Nehoda – But Anyways…. The debut studio album from the Nashville rock trio.
Release Date: 2nd October 2020
Patrick Nehoda is a 6’ 7” ex-firefighter, formerly based in Seattle but now working out of Nashville. The music he makes sure matches the expectation that such a background conjures up.
His music is grungy yet melodic, sometimes poppy, sometimes bluesy, sometimes reaching out to Americana but always underpinned by fuzzy, ominous, heavy-laden guitar, and topped by a sonorous but tuneful voice. On But Anyways… Patrick is ably supported by Jeremy Gill on drums and Grayson Papa on bass and, together, they’ve produced an album of great variety.
There’s nothing really complex here, just a lot of well-played and well-produced tunes, lots of old-fashioned riffing and one or two pretty memorable moments. If you still need a clue to the musical flavour of the album, the nearest comparisons are probably Neil Young with Crazy Horse or The Foo Fighters.
The album gets off to a breezy start with I Don’t Know. A serving of simple riffage that delivers a classically structured heavy rock song, setting the theme for much of what is to come. Lies is slower, tuneful and plaintive, that is, until the full band kick in 2/3 of the way through, then we’re rocking again. Shakey Pop does what it says on the tin. It’s a joyous, almost poppy indie rocker that invokes images of a packed and jumping concert audience. Walk Away is a more rootsy offering, the album’s closest take on classic Americana and probably the most obviously melodic of the collection. Afterglow is built upon a nice, slow, riff that builds excitingly to morph into a satisfyingly rocky coda.
For me, the standout tracks are Devil’s Bitch, an ominous tale told over a plodding, ponderous backing that gets louder and grungier as the song progresses until it surrenders itself to full-bore heavy metal that recalls early 70s Black Sabbath; But Anyways… (the title track) is a tuneful and eventually anthemic centrepiece and Just Another Season builds solidly and dramatically to the climax in which Patrick repeatedly screams “Why, why do I ever try?” Passion and tenderness are laced liberally over each of these songs, in pretty well equal measures.

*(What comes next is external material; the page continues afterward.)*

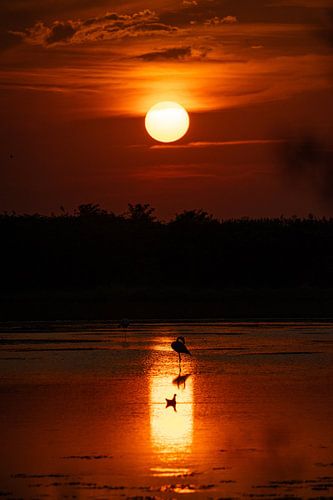 Enchanting sunset with flamingo II (in the Netherlands!)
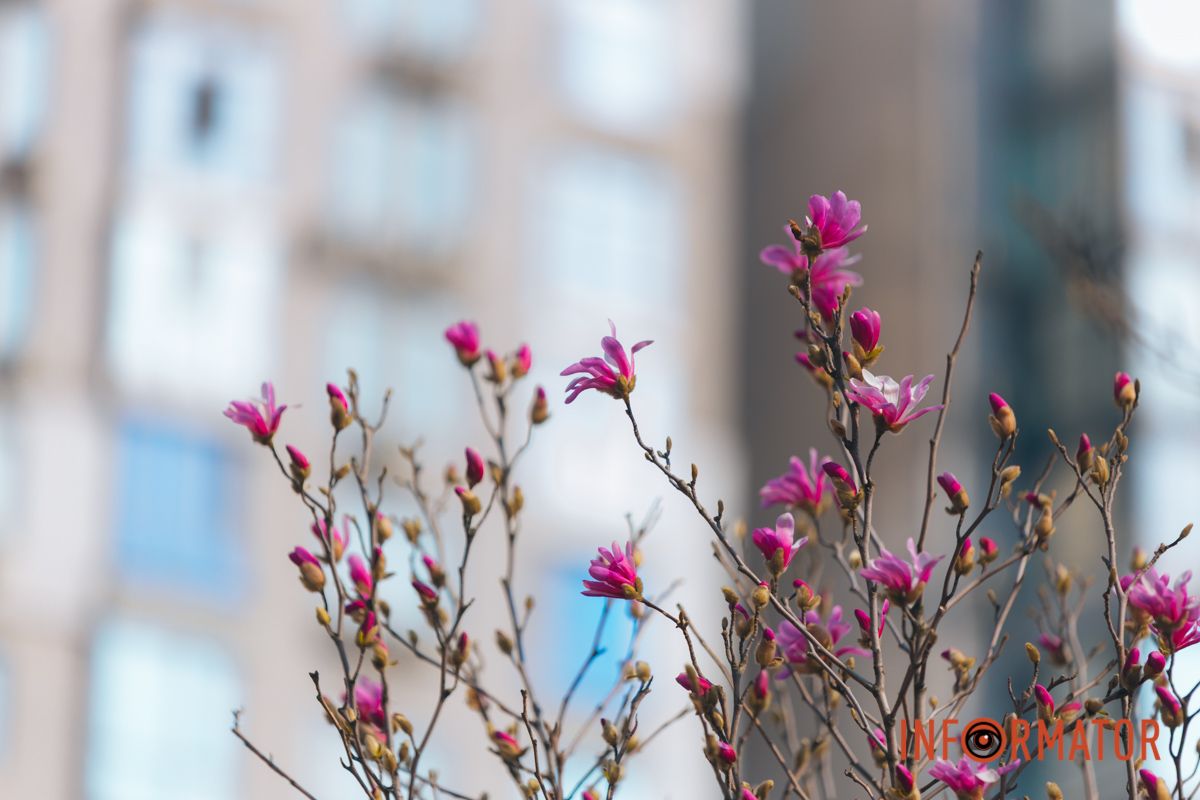 Весна в Днепре: в городе начинают расцветать почки магнолии 33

The album concludes with Please Don’t Go. Perhaps the tenderest song on the album, tuneful and impassioned and an excellent way to close off a fascinating album.
It is clear that significant effort and thought has been put into achieving the clean production standards that are a feature of But Anyways…. The guitar, drums and bass are in perfect balance. Quite an achievement as the album has apparently been recorded using live tracking, no overdubs and no edits, with the intention of delivering a sound that is as close to the band’s live experience as possible – and it’s worked!